Domande lecite, che in molti si pongono osservando le competizioni che in questi giorni stanno andando in scena nel Paese del Sol Levante. Quesiti su cui si interroga anche l’Associated Press, che in questo articolo cerca di approfondire le tante disparità emerse dalla classificazione di alcuni atleti, alcuni dei quali risultano più avvantaggiati di altri già in partenza.
“Il problema con la classificazione è che se uno si trova in fondo alla classifica non è contento”, dice all’Ap Heinrich Popow, vincitore di due medaglie d’oro nell’atletica leggera, oggi ritirato. “Gli atleti paralimpici vogliono sempre avere la classificazione migliore”. Il principio di fondo è lo stesso delle Olimpiadi. Ci sono sport in cui alcuni atleti normodotati hanno dei vantaggi rispetto ad altri. Allo stesso modo succede per gli atleti con disabilità. Dipende, infatti, dal tipo di disabilità.
Alle Paralimpiadi i partecipanti sono divisi in dieci diversi gruppi a seconda delle menomazioni e ogni sport si adatta di conseguenza. Di questi, otto includono menomazioni fisiche; mentre gli altri due sono per i deficit visivi e mentali. Ognuno include tipologie di disabilità a diversa eziologia, che secondo il Comitato paralimpico internazionale hanno però un profilo funzionale che ne permette il confronto sportivo. Secondo alcuni atleti, comunque, le categorie non sono sempre eque.

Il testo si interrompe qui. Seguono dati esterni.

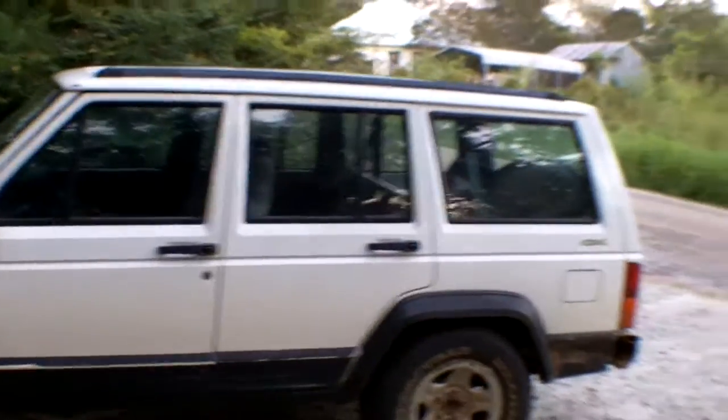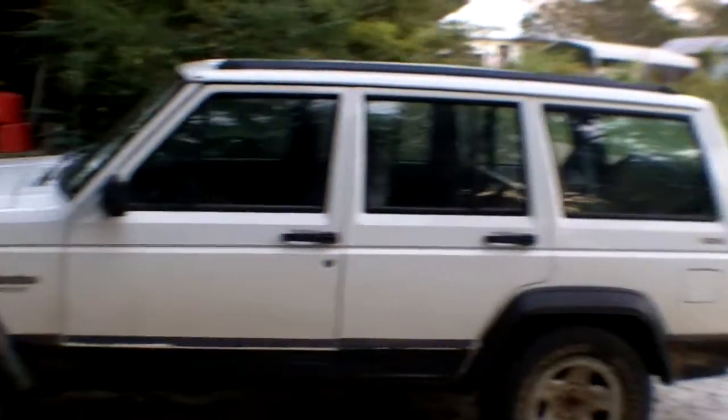Alright, check it out. This is my new ride, brother. 96 Jeep Cherokee Sport.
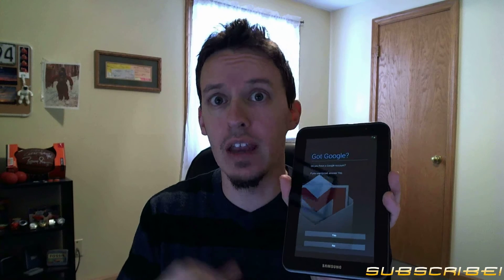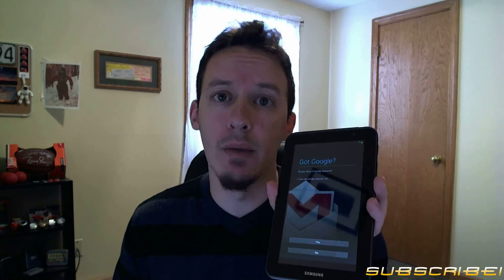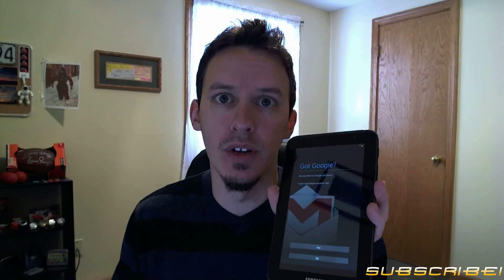Got Gmail? You should, especially if you own an Android-powered device — otherwise you're not going to get access to any features or anything on the Google Play Store. If you don't want additional emails or notifications from Google, you can uncheck 'Keep me up to date with news and offers from Google Play' so you won't get any update notifications in your email.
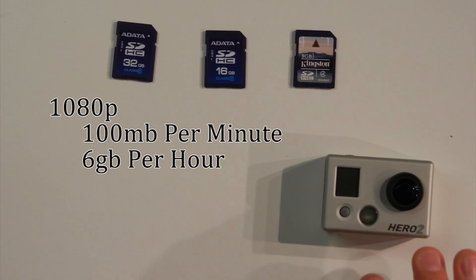Now, if we assume that the GoPro Hero 2 has about a 2.5 hour battery life, give or take, we can figure out that it's going to be about 18GB per 3 hours.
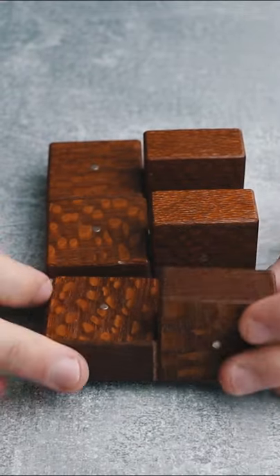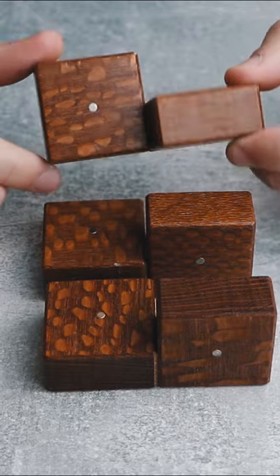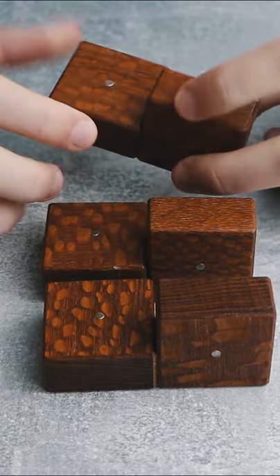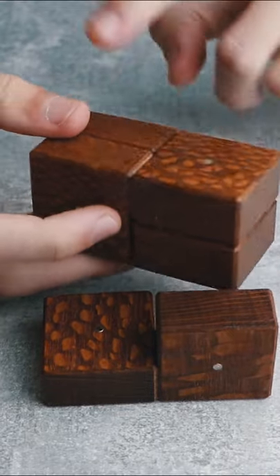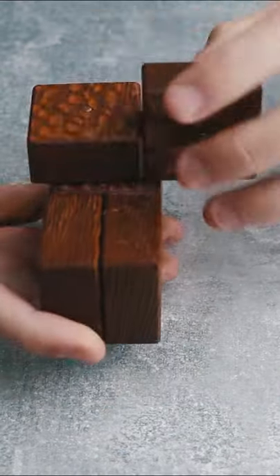This puzzle is called Three Cubes and your goal is to make three cubes at the same time from three identical pieces. You can see that they are made from two squares each with a magnet on the middle. I can build two cubes like this — as you can see, there's one and there's two. But to make the third cube, you will really need to think out of the box.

“Se pensiamo di nuotare o correre con gli stessi tempi degli altri, ci sentiamo bene in quella categoria – continua Popow –. Ma se diamo il massimo e non riusciamo nemmeno a qualificarci o a passare i vari turni, allora ci si lamenta”. Come riporta l’Ap, Il Cpi ha avviato la revisione periodica del sistema di classificazione per i Giochi paralimpici. Cambiamenti a questo sistema, però, non arriveranno prima della fine delle prossime Paralimpiadi, quelle di Parigi 2024. A confermarlo è stato il portavoce Craig Spence.

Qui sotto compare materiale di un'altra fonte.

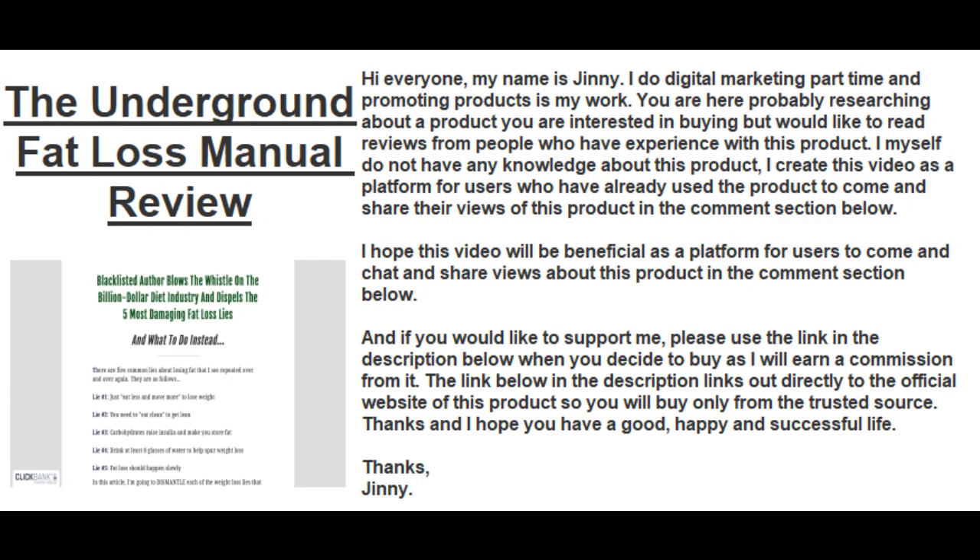Hi everyone, this video is about the Underground Fat Loss Manual review. My name is Jinny, I do digital marketing part-time and promoting products is my work. You are here probably researching about a product you're interested in buying.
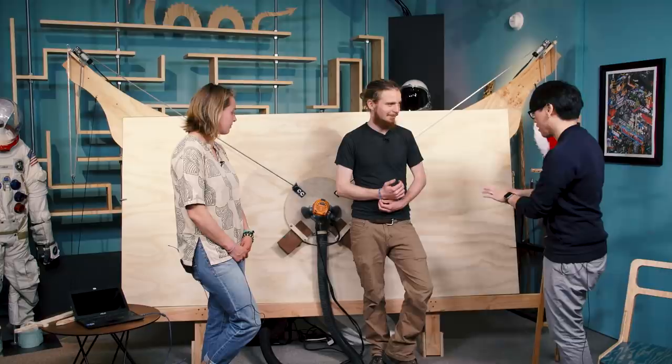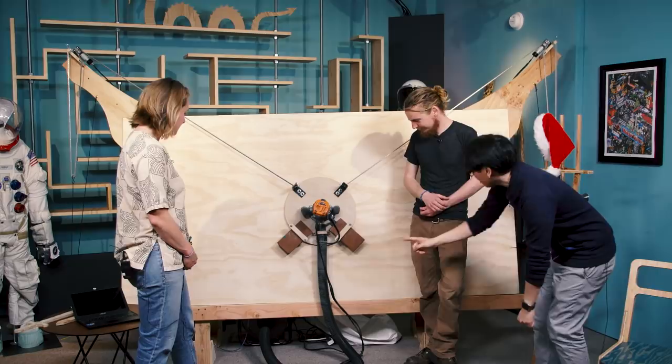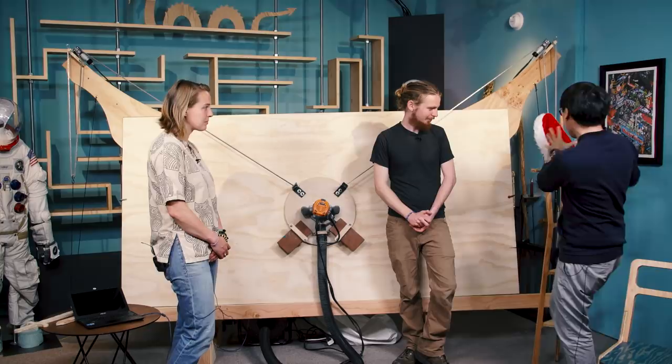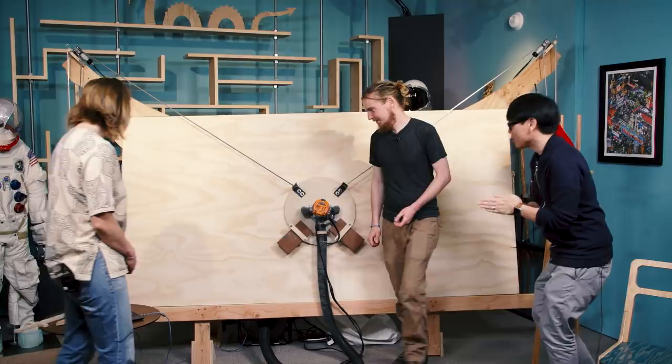I noticed that you have the best version of the Maslow right now with your Z-axis and optional dust collector. But this is something that people can just set up in a garage — that was the goal. If you have a garage that can fit a four-by-eight, you can make these big cuts and make some furniture. We don't have the time to make a full chair today, but I'd love to see a test cut if possible. Can we start this up and make something? Let's cut something out!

Gli atleti, comunque, ritengono giusto che siano suddivisi in classi a seconda delle disabilità. Il problema riguarda la ratio che le determina. Lo stesso Popow sostiene che nemmeno gli atleti hanno compreso il funzionamento del sistema. Men che meno spettatori e tifosi. “Ma gli atleti hanno diritto a lamentarsi”, dice all’Ap Tea Cisic, chinesiologa a capo del sistema di classificazione del Comitato paralimpico. “Possono dire di non essere contenti della classe in cui si trovano e così si avvia il processo di revisione”, chiarisce.
Le perplessità (e le critiche) maggiori riguardano la classificazione degli atleti che hanno subìto la perdita di una ‘funzione’ piuttosto che di un arto o di coloro che hanno delle deformazioni fisiche. Come ad esempio chi ha lesioni alla colonna vertebrale, spina bifida o paralisi cerebrali. Le polemiche riguardano anche le disabilità più difficili da individuare.
Secondo Popow le Paralimpiadi sono dunque arrivate a un bivio. Da un lato la volontà di rendere la competizione più agonistica; dall’altro quello di renderla uno spot motivazionale per la società. Se si dovesse percorrere la prima strada, ovviamente, si andrebbe incontro a gare più difficili, livelli e standard più alti. E quindi a maggiore esclusione sociale.